**To do**
Repeat the records exactly, so that each line matches the original.

**Data provided**
BEGIN
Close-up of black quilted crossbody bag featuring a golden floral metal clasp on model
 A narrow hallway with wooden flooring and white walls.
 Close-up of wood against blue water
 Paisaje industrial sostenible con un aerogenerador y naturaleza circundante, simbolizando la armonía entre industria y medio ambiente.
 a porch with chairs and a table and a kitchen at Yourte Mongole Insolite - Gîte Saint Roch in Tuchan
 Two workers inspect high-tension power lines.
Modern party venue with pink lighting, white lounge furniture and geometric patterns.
END
**Completed exercise**
Close-up of black quilted crossbody bag featuring a golden floral metal clasp on model
 A narrow hallway with wooden flooring and white walls.
 Close-up of wood against blue water
 Paisaje industrial sostenible con un aerogenerador y naturaleza circundante, simbolizando la armonía entre industria y medio ambiente.
 a porch with chairs and a table and a kitchen at Yourte Mongole Insolite - Gîte Saint Roch in Tuchan
 Two workers inspect high-tension power lines.
Modern party venue with pink lighting, white lounge furniture and geometric patterns.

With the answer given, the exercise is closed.